Field system, Anbally, Co. Galway
Co. Galway |
Ritual/Ceremonial
What looks, at first glance, like ordinary gently rolling pasture in Anbally, County Galway, is actually a landscape where the distant past is still faintly legible underfoot.
Spread across an area of roughly 400 metres east to west and 350 metres north to south, a series of collapsed field walls lies beneath the turf, their outlines softened by centuries of grass growth but still traceable as low, uneven ridges. Alongside them are the remains of two small houses, each around eight metres long and five metres wide, now little more than grassy humps in the ground.
The field system sits some 200 metres to the south-west of a tower house, the kind of fortified stone residence built by Gaelic and Anglo-Norman landowners across Ireland between roughly the fourteenth and seventeenth centuries.

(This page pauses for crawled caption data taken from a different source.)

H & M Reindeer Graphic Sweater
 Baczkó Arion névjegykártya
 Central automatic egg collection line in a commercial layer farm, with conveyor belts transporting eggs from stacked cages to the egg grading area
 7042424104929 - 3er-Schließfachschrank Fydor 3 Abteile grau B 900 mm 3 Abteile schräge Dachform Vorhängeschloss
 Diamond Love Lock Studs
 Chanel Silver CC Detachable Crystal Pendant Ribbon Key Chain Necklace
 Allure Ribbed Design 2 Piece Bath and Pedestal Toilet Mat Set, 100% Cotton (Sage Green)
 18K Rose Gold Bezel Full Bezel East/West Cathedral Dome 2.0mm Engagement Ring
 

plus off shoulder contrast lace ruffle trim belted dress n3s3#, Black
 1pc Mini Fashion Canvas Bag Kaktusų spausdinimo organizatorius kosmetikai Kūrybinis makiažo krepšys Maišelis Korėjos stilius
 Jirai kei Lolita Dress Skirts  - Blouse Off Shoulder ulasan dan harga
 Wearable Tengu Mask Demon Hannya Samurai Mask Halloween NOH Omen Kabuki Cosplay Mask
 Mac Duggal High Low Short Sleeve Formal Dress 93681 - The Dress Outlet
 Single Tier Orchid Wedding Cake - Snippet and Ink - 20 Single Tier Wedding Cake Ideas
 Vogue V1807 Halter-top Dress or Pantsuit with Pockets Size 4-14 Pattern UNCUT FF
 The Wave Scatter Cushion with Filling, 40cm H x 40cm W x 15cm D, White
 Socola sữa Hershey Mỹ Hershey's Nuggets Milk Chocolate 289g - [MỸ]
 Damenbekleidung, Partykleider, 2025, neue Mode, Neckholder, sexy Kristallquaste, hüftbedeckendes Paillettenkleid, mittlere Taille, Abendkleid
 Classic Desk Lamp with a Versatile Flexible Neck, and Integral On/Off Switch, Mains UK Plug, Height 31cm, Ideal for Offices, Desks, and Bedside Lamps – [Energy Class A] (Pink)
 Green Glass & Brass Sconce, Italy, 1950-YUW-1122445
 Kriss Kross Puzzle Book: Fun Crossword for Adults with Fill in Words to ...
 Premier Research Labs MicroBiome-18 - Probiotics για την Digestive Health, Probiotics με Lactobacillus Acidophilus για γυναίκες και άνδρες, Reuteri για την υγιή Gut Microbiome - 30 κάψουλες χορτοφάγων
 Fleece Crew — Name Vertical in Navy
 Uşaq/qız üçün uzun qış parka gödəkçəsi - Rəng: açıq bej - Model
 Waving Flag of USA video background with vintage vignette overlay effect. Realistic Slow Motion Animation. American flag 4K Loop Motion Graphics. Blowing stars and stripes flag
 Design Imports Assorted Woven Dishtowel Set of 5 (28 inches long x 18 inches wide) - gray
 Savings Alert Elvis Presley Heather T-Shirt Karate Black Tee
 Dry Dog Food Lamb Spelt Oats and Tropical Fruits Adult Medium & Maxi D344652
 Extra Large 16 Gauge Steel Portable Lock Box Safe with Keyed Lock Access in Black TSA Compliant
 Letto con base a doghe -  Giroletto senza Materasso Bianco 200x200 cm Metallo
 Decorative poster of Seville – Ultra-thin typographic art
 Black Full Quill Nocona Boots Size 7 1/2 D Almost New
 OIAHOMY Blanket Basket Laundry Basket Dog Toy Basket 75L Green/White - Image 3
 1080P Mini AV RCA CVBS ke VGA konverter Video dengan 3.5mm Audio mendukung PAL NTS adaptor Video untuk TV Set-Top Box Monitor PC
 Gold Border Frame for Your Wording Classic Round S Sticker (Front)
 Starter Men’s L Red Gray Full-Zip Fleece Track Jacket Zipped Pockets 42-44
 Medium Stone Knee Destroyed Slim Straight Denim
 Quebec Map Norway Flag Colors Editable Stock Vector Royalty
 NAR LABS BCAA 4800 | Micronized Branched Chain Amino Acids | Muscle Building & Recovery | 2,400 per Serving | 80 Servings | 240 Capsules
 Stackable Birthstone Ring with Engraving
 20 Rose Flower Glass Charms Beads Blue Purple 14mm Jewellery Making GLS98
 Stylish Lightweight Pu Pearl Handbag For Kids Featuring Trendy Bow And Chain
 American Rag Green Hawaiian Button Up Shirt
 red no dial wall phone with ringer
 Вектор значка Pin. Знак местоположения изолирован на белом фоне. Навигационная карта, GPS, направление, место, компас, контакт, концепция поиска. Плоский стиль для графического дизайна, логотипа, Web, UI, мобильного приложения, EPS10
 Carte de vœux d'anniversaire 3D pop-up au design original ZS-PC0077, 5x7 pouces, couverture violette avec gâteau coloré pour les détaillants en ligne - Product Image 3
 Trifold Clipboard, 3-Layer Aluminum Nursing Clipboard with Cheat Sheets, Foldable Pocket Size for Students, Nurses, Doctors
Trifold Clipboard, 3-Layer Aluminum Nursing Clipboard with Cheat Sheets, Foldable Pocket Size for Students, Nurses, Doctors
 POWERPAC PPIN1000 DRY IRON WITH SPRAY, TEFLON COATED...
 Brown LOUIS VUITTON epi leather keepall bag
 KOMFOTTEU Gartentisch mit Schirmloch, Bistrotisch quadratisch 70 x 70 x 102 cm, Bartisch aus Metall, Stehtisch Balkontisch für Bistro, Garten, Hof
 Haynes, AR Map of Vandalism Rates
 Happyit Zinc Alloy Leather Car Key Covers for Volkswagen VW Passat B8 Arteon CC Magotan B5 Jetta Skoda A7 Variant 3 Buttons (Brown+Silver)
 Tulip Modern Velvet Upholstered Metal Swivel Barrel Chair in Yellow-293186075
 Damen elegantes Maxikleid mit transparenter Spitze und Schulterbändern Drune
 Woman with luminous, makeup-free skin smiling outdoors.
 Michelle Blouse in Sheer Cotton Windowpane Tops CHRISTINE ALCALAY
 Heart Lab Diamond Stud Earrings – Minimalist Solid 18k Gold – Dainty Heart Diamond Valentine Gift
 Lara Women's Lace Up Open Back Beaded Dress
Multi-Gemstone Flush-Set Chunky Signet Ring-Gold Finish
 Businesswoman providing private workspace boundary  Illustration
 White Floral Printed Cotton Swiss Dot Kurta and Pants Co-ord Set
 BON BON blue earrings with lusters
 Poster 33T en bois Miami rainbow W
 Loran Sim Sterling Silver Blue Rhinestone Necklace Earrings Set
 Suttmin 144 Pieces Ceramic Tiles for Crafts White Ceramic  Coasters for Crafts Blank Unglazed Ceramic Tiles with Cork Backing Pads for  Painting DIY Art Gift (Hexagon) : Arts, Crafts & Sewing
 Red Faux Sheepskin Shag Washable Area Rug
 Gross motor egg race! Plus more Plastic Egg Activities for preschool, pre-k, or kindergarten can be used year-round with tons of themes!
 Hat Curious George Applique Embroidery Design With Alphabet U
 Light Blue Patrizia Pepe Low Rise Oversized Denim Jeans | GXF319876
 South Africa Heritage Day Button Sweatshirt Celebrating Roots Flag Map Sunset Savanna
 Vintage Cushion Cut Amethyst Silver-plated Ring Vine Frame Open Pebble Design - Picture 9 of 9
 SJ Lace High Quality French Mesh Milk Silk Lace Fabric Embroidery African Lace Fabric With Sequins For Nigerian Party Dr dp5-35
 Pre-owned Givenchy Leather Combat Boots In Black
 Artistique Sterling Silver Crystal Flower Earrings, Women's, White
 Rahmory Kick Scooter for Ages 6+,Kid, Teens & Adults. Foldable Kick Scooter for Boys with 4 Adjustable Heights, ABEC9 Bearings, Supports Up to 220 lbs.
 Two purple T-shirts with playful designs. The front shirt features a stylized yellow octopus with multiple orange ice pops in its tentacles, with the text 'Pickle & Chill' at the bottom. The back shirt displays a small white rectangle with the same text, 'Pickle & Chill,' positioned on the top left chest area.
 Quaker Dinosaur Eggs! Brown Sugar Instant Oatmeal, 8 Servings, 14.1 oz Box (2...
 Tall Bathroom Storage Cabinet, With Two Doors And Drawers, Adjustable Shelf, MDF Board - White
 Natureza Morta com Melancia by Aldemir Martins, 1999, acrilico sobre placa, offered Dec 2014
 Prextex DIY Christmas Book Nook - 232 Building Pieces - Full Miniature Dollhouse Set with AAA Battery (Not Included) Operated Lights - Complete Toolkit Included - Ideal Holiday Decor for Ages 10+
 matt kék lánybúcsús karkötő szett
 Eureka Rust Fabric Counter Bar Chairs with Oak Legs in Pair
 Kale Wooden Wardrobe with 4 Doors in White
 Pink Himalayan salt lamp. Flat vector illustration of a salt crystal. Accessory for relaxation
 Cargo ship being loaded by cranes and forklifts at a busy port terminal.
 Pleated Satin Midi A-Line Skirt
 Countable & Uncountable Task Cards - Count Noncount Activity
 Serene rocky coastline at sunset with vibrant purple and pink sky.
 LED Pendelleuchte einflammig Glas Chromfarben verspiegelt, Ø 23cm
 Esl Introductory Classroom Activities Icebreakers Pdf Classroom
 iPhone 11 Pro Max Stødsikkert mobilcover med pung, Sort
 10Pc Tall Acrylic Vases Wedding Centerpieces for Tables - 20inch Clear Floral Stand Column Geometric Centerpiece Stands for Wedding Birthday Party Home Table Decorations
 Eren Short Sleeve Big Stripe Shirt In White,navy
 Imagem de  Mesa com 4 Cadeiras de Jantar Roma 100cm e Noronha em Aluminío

The proximity of organised agricultural land to such a structure is characteristic of the period: tower houses rarely stood alone but were typically the focal point of a working rural economy, surrounded by the farmed fields and modest dwellings of dependent households. Here, that relationship between the defended residence and its surrounding landscape can still be read, if quietly, in the ground itself. The site was recorded in the Archaeological Inventory of County Galway Vol. II, compiled by Olive Alcock, Kathy de hÓra, and Paul Gosling and published in 1999.